By Russell Moore, The Hill.
Turn on cable television and you’ll likely see people screaming at each other. Log on to your Facebook page and you’ll experience a similar reality. With all the fuming controversy in America, why would we stir up culture wars where we don’t really even need them? That’s the question the Supreme Court will take up next week.
Before the Court, our federal government will argue that it can force religious ministries to help provide things the government itself can and does provide. The “things” in question are abortion-inducing drugs and other contraceptives. And the religious ministries sincerely believe that they cannot do what the government demands. Some of these ministries are, like me, Baptist. Others, such as the Little Sisters of the Poor are Catholic. This really shouldn’t be an argument. (Full disclosure: I serve on the board of the Becket Fund for Religious Liberty which represents the Little Sisters and several Baptist ministries.)
After all, whatever our disagreements in America, most of us agree that the government shouldn’t force our fellow Americans to violate their deepest religious convictions for no reason at all. Now, we all agree there are sometimes going to be some hard calls—where the government has a very good reason to override religious conscience and where there’s no other real alternative. This is not one of those cases.
The government isn’t really arguing that it has no other choice. The government instead is arguing that the ministries misunderstand their own faith; that they can participate in its complicated contraceptive delivery scheme without disobeying God. Setting aside the un-American idea of government officials instructing citizens on what God wants, this argument is insane. Is the government really more Catholic than nuns? Is the government more Baptist than the churches and theologians telling them we can’t in good conscience follow their so-called accommodation?
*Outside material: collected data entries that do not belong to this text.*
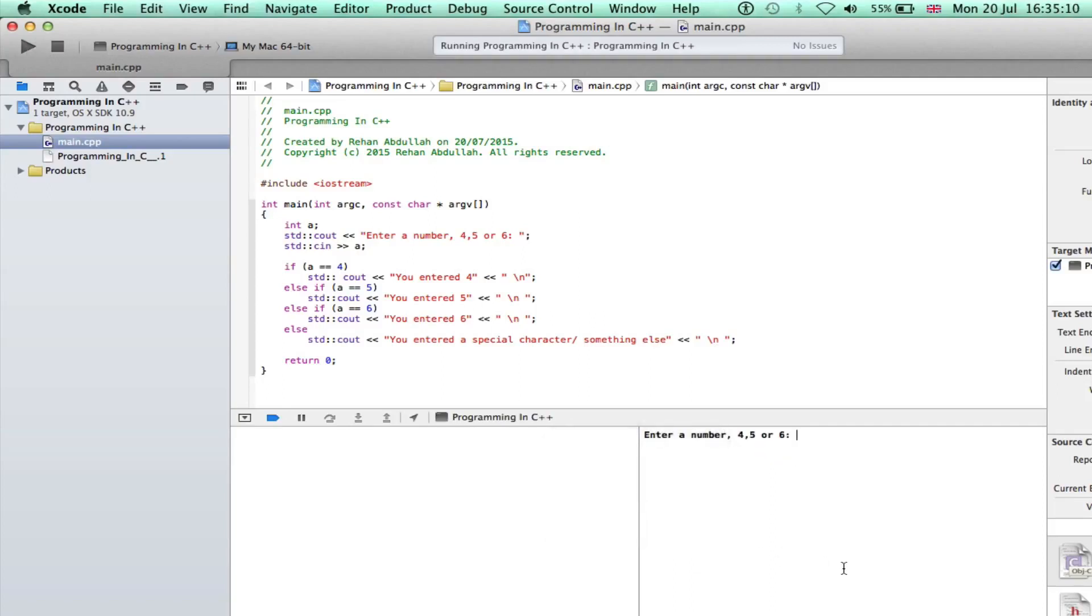Let's enter 6 this time. You entered 6. Now if we compile it again, enter something else, we'll see what we get.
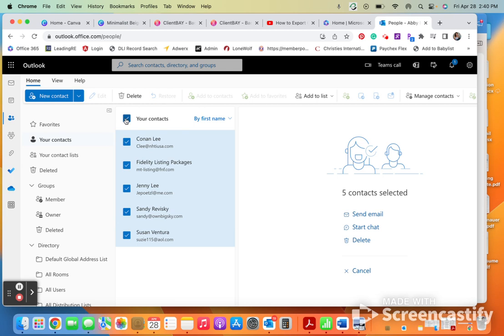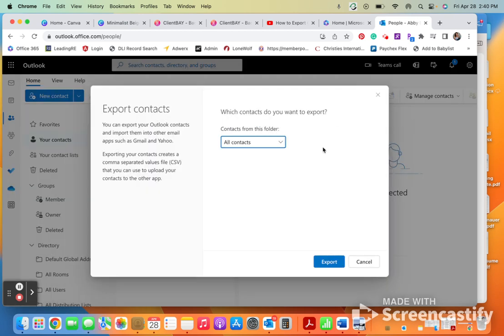So like I said, I'm going to go ahead and highlight these. I'm going to go over to manage contacts and hit export. All contacts, correct, and then I'd hit this export button, and it's going to download a CSV file. I hope this helps.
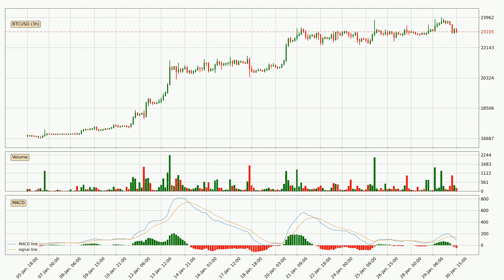Looking at the 3-hourly MACD, the trend is currently going down because the MACD line is below the signal line. We can expect the price to continue going down or perhaps remain at least stable because the MACD histogram shows the momentum currently being strong.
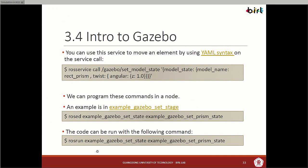We can do this using a manual method or a node. We can say 'rosservice call gazebo/set_model_state', then provide model_state, model_name, twist, angular values. That will take the cylinder and rotate it around the Z-axis. We can also program this in a node.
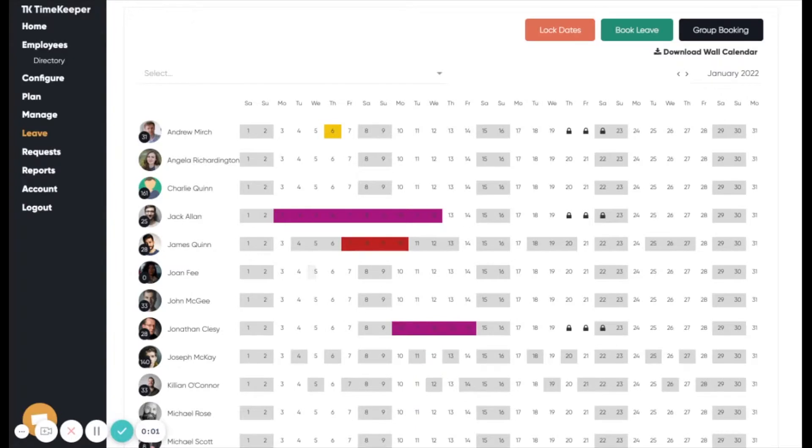This is the employee leave wall calendar. This shows each employee down the left-hand side, and then the current days of the current month along the top.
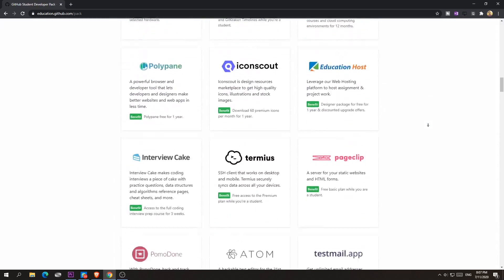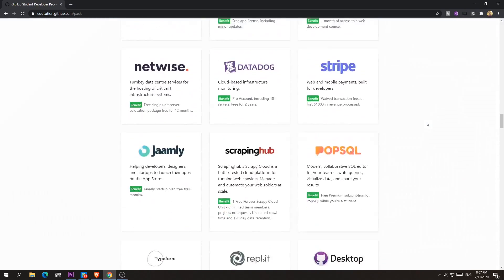The second big perk you get is Microsoft Office 365 for free. Yes, you are going to get this for free — you can access all Microsoft Office apps at no cost. You're getting the Student A1 pack.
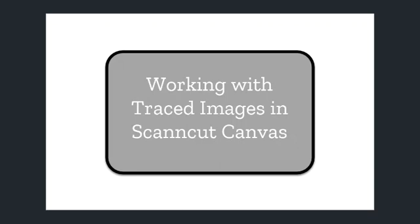In the previous video, we looked at how to use the image tracing tool to import an image file into this Scanncut Canvas workspace. Let's look at what to do next.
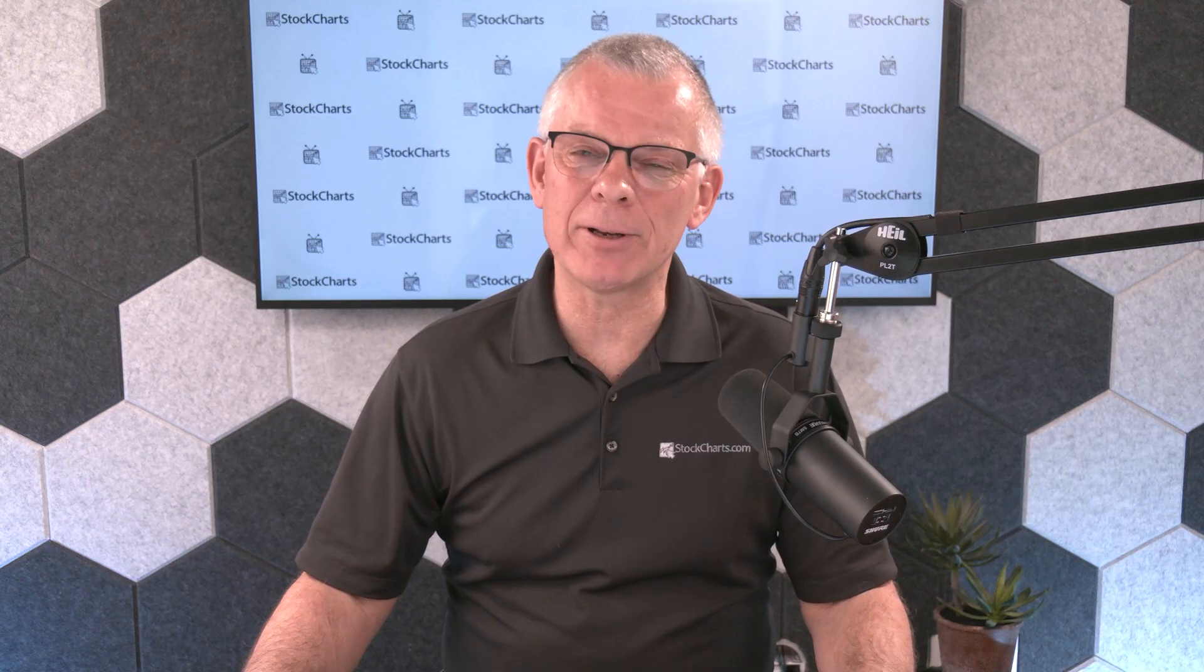And that was a quick rundown of, let's call it, RRG 101. We've got much more material on the site. Please go check it out.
I believe that every person will stand before the Judgment Seat of Christ, and give an account for their life, including how we spent our resources. You don’t have to agree with me on that, or on abortion or on anything else. I don’t even agree with the Little Sisters on their views on the morality of contraception. That doesn’t matter. What matters is that the ministries themselves sincerely believe what the government demands of them is wrong. The government’s theology lesson to these ministries is an expensive one—threatening massive fines every year. The Little Sisters alone face a staggering $70 million penalty just to continue serving elderly poor people as they have for 175 years.